Les appréhensions françaises à l’égard d’un gouvernement à majorité islamiste sont contrebalancées par des relations de proximité avec certains hauts personnages de l’Etat tunisien : le président tunisien, Moncef Marzouki, francophone et francophile (il est marié à une Française et père de deux filles franco-tunisiennes) et Mustapha Benjaafar, le président de l’Assemblée constituante, dont le parti est la version tunisienne du PS français. Par ailleurs, nombre d’islamistes actuellement au pouvoir ont été exilés en France durant de longues années et défendent plutôt une ligne francophile par rapport à d’autres courants du parti Ennahda qui sont plutôt tournés vers le monde anglo-saxon et les pays du Golfe comme le Qatar. La crise franco-tunisienne des lendemains de la révolution semble aujourd’hui en grande partie surmontée et la confiance entre les deux Etats se réinstalle progressivement.
Parallèlement à la diplomatie officielle, il est à noter la vigueur d’une diplomatie de la société civile de part et d’autre de la Méditerranée, nombre d’élites franco-tunisiennes jouant un rôle actif pour le rapprochement entre les deux pays.
JOL Press : Pensez-vous que l’entente franco-tunisienne d'aujourd'hui pourrait être un tremplin pour relancer l’Union de la Méditerranée ?
 
Vincent Geisser : Il est clair que l’Union de la Méditerranée rêvée par le président Nicolas Sarkozy est actuellement au point mort. Elle a été emportée par les révolutions arabes et ceci d’autant plus qu’elle reposait en partie sur la Tunisie de Ben Ali et l’Egypte de Moubarak.
Pour autant, les dirigeants tunisiens n’y sont pas complètement hostiles. Ils souhaitent qu’elle ne constitue pas exclusivement un organisme bureaucratique chargé de gérer les affaires sécuritaires et migratoires mais aussi un véritable espace d’échanges politiques, culturels, scientifiques et universitaires. Pourquoi ne pas imaginer une forme d’Erasmus euro-méditerranéen qui pourrait s’appeler programme Avicenne ou Averroès ? De ce point de vue, l’Union pour la Méditerranée pourrait être pleinement complémentaire des relations déjà existantes avec l’Union européenne, en se consacrant davantage aux aspects culturels, intellectuels et académiques.

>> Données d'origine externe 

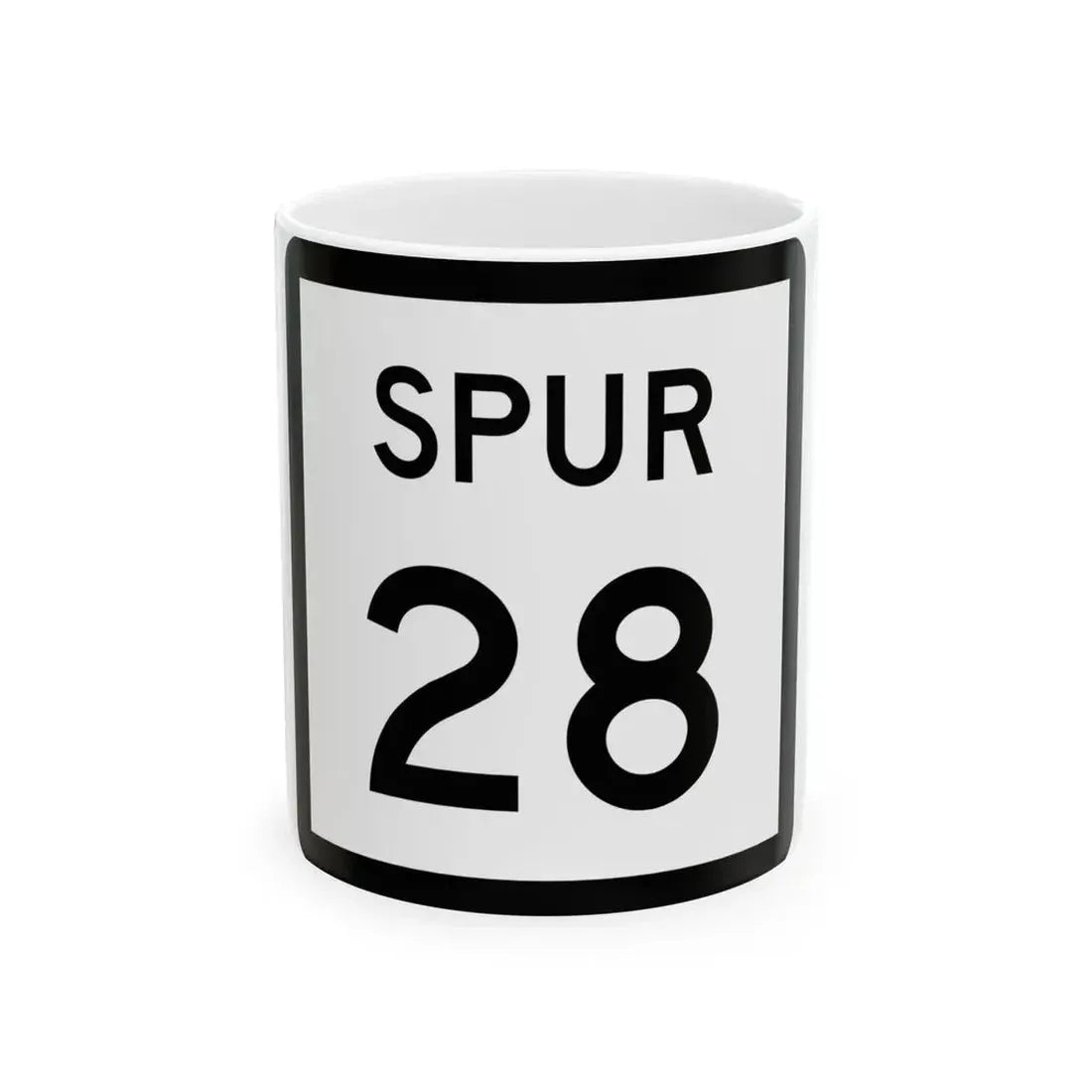 Texas Spur 28 (Texas) (Road Sign) White Coffee Mug 11oz - Go Mug Yourself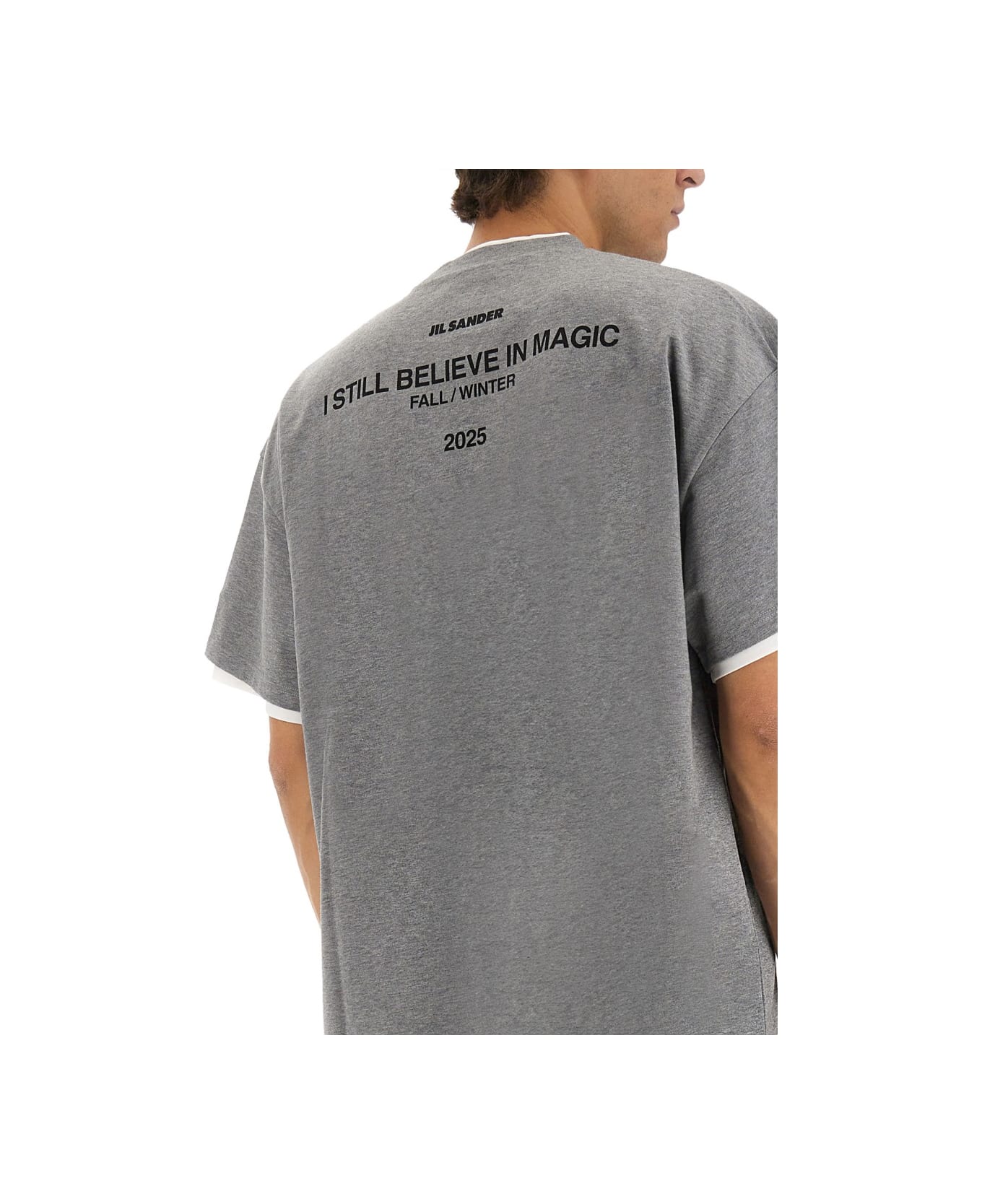 Jil Sander Double Layer Cotton T-shirt - GREY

En tout cas, il appartient à François Hollande et à ses interlocuteurs tunisiens de donner un nouveau souffle à l’Union pour la Méditerranée qui sorte du prisme sécuritaire et migratoire, dans lequel ses initiateurs, qu'il s'agisse de Nicolas Sarkozy, de Zine el-Abidine Ben Ali Ben Ali et d'Hosni Moubarak, ont voulu l’enfermer. C’est à ce prix que l’Union pour la Méditerranée pourra regagner le cœur des citoyens tunisiens et des peuples de la rive Sud.